INFORMATION SHOWN section start

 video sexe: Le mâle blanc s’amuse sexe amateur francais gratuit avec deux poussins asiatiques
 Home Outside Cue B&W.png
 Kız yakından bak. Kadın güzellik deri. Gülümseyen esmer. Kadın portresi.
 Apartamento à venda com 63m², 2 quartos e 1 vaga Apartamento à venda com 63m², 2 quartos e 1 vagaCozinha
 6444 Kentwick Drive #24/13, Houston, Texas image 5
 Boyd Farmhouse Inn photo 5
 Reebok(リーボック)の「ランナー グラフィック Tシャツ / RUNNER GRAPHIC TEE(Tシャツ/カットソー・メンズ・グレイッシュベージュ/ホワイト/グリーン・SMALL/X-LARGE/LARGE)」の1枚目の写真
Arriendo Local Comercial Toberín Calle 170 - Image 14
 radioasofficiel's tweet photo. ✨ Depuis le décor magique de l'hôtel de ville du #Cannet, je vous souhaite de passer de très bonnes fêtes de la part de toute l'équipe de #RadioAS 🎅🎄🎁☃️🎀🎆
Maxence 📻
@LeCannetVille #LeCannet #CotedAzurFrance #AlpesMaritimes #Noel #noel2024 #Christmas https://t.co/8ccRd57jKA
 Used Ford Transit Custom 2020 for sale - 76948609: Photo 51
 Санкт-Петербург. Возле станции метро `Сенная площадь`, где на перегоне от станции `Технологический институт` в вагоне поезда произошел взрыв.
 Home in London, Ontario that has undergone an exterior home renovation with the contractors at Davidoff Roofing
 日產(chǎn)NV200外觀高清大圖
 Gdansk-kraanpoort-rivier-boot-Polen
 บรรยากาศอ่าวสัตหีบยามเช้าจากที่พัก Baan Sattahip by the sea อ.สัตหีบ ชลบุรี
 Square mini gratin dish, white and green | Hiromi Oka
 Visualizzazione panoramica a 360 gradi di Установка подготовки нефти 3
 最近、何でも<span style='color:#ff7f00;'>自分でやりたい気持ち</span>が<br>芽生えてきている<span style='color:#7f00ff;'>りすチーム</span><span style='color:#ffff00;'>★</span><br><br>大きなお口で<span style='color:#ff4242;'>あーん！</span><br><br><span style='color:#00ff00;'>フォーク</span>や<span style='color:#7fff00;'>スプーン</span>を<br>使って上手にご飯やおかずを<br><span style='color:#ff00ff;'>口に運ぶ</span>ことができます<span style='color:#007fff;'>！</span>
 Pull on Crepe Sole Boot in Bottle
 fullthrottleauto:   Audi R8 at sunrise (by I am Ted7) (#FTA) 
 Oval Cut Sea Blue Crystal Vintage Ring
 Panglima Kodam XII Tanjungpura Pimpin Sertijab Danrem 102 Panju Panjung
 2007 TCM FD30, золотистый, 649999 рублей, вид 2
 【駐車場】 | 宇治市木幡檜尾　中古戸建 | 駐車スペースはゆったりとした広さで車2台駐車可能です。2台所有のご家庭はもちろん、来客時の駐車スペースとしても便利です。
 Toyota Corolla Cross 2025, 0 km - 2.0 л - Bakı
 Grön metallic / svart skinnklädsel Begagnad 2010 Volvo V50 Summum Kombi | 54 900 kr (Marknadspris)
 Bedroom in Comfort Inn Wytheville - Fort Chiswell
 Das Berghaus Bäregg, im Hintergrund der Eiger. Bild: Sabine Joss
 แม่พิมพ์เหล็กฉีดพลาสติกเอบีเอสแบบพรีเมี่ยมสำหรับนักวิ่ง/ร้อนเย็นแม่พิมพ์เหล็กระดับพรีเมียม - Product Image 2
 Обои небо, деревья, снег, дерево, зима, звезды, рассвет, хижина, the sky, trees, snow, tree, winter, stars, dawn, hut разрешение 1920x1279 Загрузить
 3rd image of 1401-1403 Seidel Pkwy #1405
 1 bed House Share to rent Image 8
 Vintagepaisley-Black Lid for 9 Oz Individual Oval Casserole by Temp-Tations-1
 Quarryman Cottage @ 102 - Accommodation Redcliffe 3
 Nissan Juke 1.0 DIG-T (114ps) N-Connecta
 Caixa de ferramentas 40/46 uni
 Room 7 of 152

INFORMATION SHOWN section end

▶ **WHAT TO DO**
With the first line being the one containing "Apartamento à venda com 63m², 2 quartos e 1 vaga Apartamento" and the last line the one containing "Used Ford Transit", transcribe exactly the lines above that fall in that range.

▶ **ANSWER SPACE**
 Apartamento à venda com 63m², 2 quartos e 1 vaga Apartamento à venda com 63m², 2 quartos e 1 vagaCozinha
 6444 Kentwick Drive #24/13, Houston, Texas image 5
 Boyd Farmhouse Inn photo 5
 Reebok(リーボック)の「ランナー グラフィック Tシャツ / RUNNER GRAPHIC TEE(Tシャツ/カットソー・メンズ・グレイッシュベージュ/ホワイト/グリーン・SMALL/X-LARGE/LARGE)」の1枚目の写真
Arriendo Local Comercial Toberín Calle 170 - Image 14
 radioasofficiel's tweet photo. ✨ Depuis le décor magique de l'hôtel de ville du #Cannet, je vous souhaite de passer de très bonnes fêtes de la part de toute l'équipe de #RadioAS 🎅🎄🎁☃️🎀🎆
Maxence 📻
@LeCannetVille #LeCannet #CotedAzurFrance #AlpesMaritimes #Noel #noel2024 #Christmas https://t.co/8ccRd57jKA
 Used Ford Transit Custom 2020 for sale - 76948609: Photo 51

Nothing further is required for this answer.